(REQUIREMENT) Set down each entry as it stands. Skip the pictures.

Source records

========

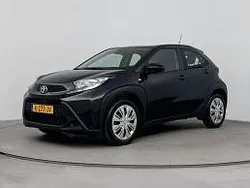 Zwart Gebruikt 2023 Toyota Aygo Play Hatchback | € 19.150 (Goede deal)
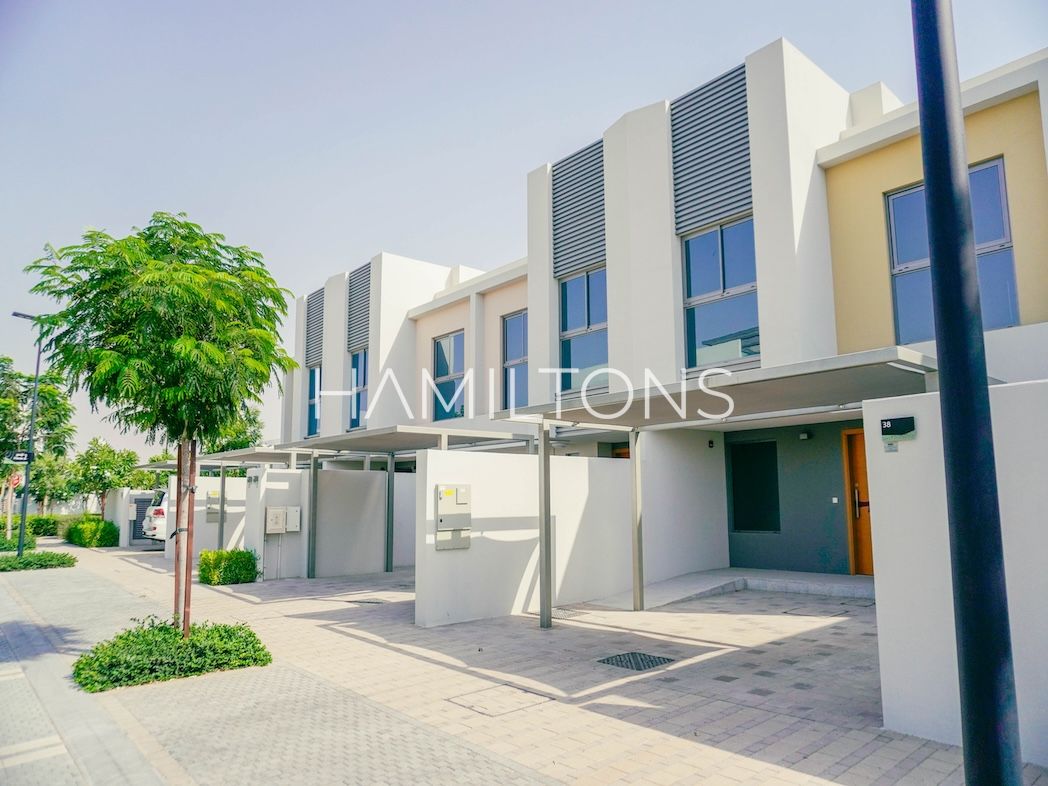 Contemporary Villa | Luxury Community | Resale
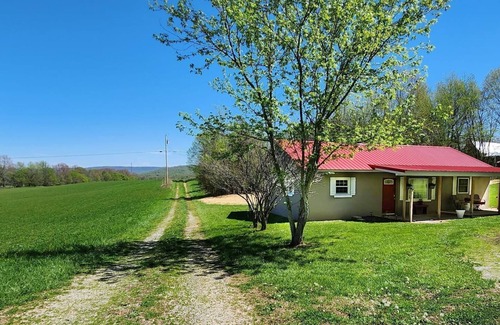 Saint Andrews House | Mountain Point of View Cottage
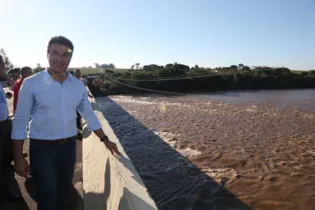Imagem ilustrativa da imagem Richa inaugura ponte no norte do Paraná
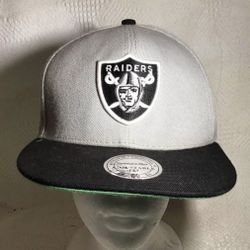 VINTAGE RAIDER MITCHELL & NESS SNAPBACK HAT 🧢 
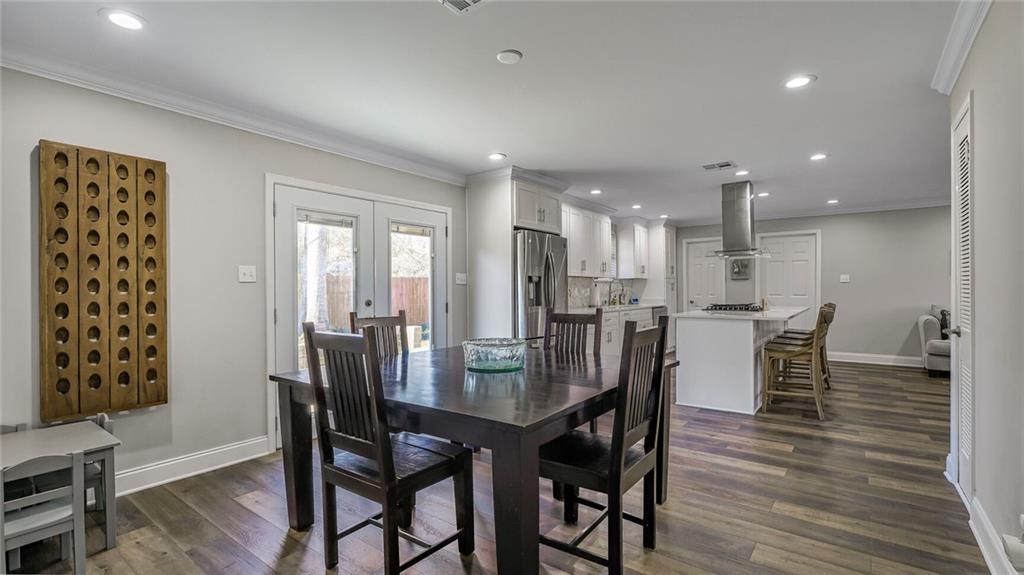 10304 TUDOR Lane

========

(TASK SOLUTION)
 Zwart Gebruikt 2023 Toyota Aygo Play Hatchback | € 19.150 (Goede deal)
 Contemporary Villa | Luxury Community | Resale
 Saint Andrews House | Mountain Point of View Cottage
Imagem ilustrativa da imagem Richa inaugura ponte no norte do Paraná
 VINTAGE RAIDER MITCHELL & NESS SNAPBACK HAT 🧢 
 10304 TUDOR Lane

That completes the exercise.